**WHAT THE EXERCISE ASKS**
Please copy, exactly as they appear below, the lines from the one containing "Beach, Florida 19" through the one containing "8 Farrell Place, Noranda WA 6062".

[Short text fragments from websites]
Content starts
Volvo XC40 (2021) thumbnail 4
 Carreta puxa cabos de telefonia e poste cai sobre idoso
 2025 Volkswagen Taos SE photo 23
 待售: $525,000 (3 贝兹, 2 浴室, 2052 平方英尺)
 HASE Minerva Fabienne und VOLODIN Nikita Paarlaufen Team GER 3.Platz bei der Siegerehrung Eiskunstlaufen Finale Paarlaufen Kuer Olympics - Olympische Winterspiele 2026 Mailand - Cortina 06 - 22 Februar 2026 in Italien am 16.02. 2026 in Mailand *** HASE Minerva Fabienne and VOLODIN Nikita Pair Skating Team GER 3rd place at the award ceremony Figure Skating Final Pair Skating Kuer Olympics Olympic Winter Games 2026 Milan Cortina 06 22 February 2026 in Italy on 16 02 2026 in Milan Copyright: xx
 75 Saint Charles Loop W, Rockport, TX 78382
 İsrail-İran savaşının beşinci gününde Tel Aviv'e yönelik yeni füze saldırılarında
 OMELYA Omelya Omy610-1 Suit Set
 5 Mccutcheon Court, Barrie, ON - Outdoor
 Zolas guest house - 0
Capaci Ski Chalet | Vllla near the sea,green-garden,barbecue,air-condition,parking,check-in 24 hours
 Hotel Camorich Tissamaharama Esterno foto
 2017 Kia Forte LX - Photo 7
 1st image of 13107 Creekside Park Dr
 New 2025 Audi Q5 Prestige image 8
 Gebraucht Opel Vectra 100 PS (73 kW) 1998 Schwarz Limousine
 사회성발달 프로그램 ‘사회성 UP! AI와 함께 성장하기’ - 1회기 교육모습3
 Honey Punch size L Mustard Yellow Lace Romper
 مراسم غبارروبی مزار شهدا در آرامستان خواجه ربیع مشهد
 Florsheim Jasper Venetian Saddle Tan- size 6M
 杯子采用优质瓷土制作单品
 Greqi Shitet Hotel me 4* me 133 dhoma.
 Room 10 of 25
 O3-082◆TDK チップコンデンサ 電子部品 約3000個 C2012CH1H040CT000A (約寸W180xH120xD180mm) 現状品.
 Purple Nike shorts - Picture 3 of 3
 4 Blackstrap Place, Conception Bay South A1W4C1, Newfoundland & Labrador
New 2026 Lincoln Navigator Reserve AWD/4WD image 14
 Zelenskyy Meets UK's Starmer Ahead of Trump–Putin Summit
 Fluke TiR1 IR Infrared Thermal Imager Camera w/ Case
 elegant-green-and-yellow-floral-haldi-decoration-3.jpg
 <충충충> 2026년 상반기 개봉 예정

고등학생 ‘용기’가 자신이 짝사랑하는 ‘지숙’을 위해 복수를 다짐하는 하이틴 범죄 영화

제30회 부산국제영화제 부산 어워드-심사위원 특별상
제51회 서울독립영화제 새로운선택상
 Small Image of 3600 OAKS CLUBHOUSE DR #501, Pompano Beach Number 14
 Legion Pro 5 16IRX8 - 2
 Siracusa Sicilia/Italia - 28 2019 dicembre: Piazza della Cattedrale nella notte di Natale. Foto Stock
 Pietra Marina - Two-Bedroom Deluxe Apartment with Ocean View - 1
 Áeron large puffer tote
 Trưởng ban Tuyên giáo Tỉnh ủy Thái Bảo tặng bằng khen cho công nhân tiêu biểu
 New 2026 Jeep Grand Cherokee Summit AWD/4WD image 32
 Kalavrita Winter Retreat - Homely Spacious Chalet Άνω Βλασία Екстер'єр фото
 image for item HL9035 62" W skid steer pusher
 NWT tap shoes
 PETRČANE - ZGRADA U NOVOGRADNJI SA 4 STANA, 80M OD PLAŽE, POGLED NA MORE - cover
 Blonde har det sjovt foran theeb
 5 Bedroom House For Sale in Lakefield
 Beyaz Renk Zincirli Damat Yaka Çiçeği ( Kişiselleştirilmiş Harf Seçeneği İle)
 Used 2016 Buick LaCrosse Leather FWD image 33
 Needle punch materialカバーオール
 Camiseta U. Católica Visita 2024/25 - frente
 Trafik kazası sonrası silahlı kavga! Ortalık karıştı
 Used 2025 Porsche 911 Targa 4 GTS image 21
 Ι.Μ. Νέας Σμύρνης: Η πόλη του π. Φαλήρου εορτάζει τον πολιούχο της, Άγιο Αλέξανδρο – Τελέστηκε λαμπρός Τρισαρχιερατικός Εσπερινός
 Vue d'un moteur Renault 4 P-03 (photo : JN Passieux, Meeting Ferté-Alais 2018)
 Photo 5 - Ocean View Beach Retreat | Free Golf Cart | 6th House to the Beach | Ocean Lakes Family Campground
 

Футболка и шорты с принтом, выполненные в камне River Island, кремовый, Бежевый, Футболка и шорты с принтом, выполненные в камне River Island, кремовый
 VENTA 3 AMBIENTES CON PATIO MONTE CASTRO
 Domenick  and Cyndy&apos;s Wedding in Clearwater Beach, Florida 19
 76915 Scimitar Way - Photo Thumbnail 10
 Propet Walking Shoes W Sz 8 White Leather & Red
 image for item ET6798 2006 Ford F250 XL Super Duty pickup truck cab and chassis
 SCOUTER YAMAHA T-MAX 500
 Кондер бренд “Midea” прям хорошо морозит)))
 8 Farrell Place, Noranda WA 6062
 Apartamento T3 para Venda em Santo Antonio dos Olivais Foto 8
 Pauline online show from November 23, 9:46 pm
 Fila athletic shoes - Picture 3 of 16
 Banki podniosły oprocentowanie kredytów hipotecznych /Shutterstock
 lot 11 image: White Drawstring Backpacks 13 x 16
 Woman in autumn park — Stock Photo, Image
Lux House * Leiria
Content ends
**ANSWER SECTION**
 Domenick  and Cyndy&apos;s Wedding in Clearwater Beach, Florida 19
 76915 Scimitar Way - Photo Thumbnail 10
 Propet Walking Shoes W Sz 8 White Leather & Red
 image for item ET6798 2006 Ford F250 XL Super Duty pickup truck cab and chassis
 SCOUTER YAMAHA T-MAX 500
 Кондер бренд “Midea” прям хорошо морозит)))
 8 Farrell Place, Noranda WA 6062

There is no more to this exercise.